[Stored items from a collection]
▼▼▼

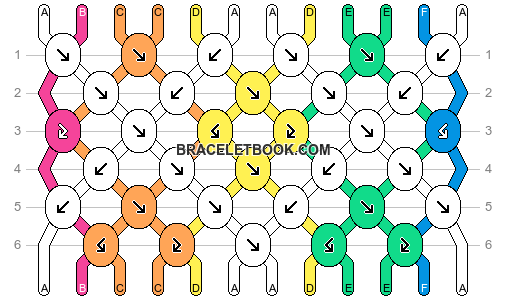 Normal pattern #1516 variation #32002 pattern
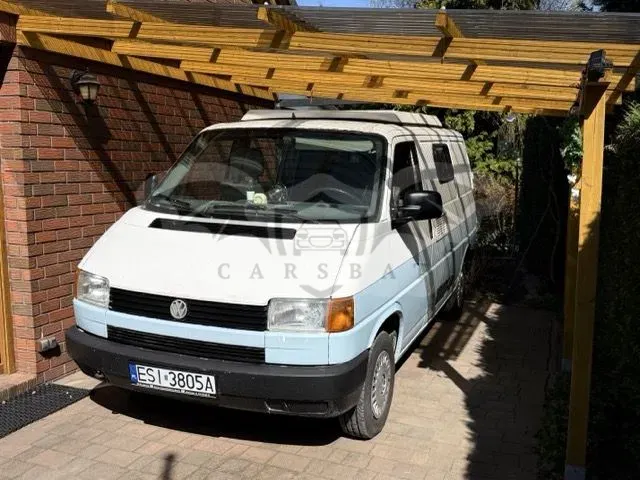 Volkswagen Transporter 1992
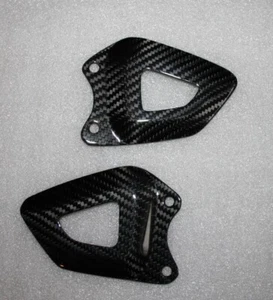 Triumph Speed Triple 2005 2006 2007 2008 2009 2010 Carbon Brilliant 2 - Picture 1 of 1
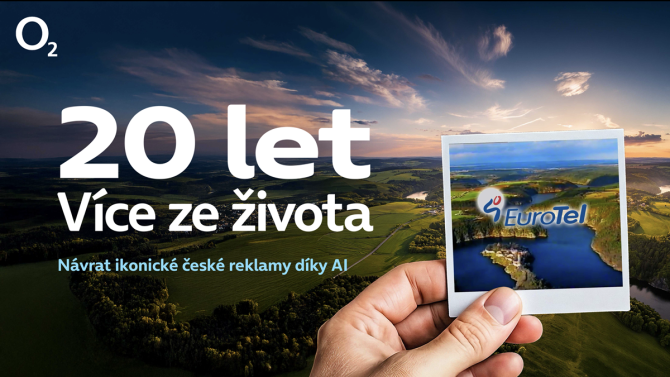 O2 reklama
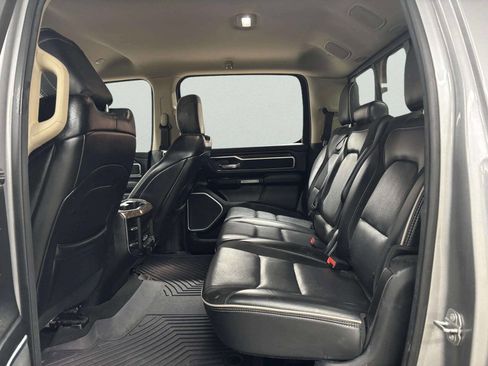 Used 2019 RAM 1500 Laramie image 16
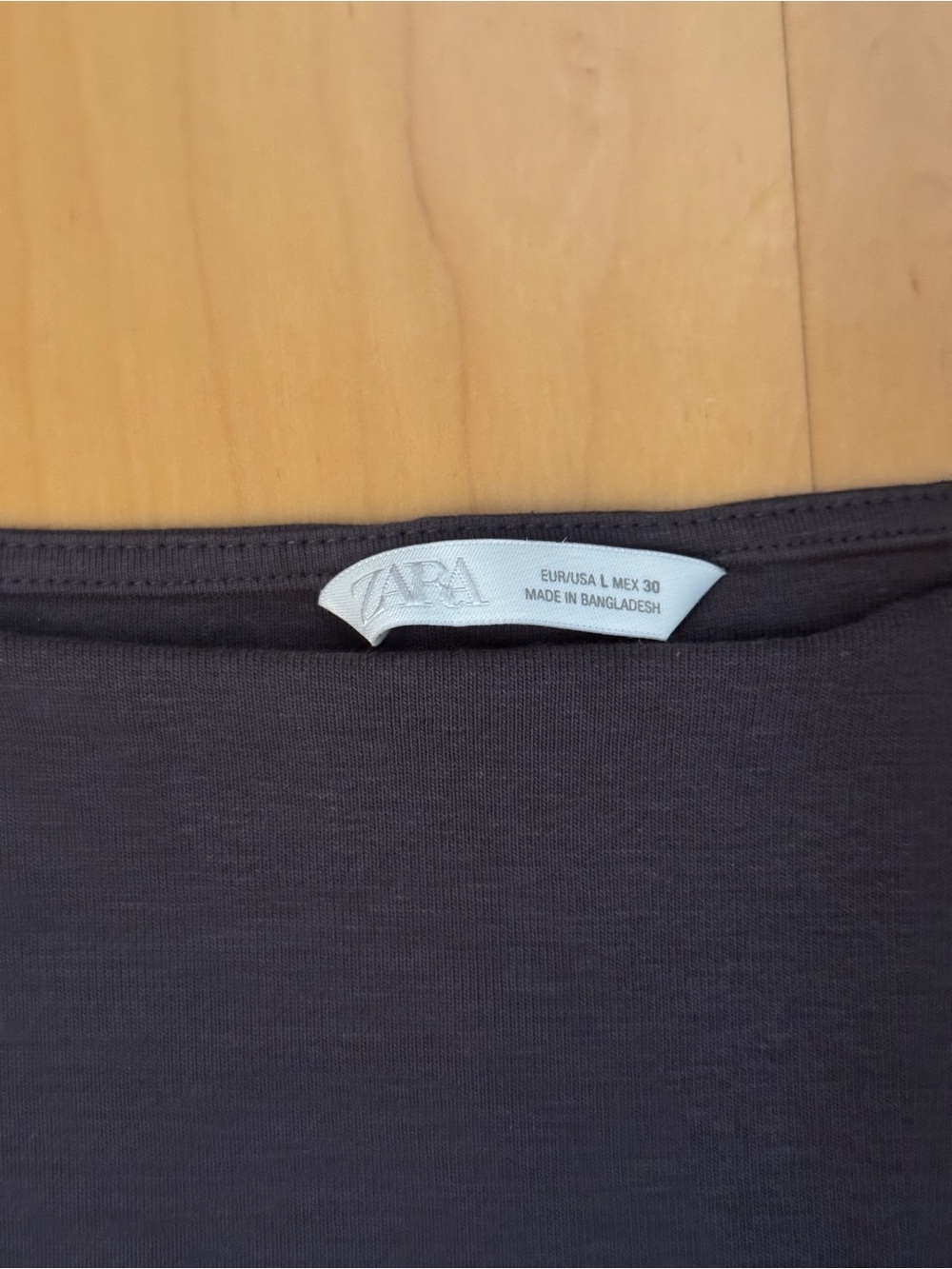 Zara Top - Picture 3 of 3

▲▲▲

- Problem requirements -
Your copy should match the records above exactly, apart from the pictures, which stay out.

- Solution for this exercise -
 Normal pattern #1516 variation #32002 pattern
 Volkswagen Transporter 1992
 Triumph Speed Triple 2005 2006 2007 2008 2009 2010 Carbon Brilliant 2 - Picture 1 of 1
 O2 reklama
 Used 2019 RAM 1500 Laramie image 16
 Zara Top - Picture 3 of 3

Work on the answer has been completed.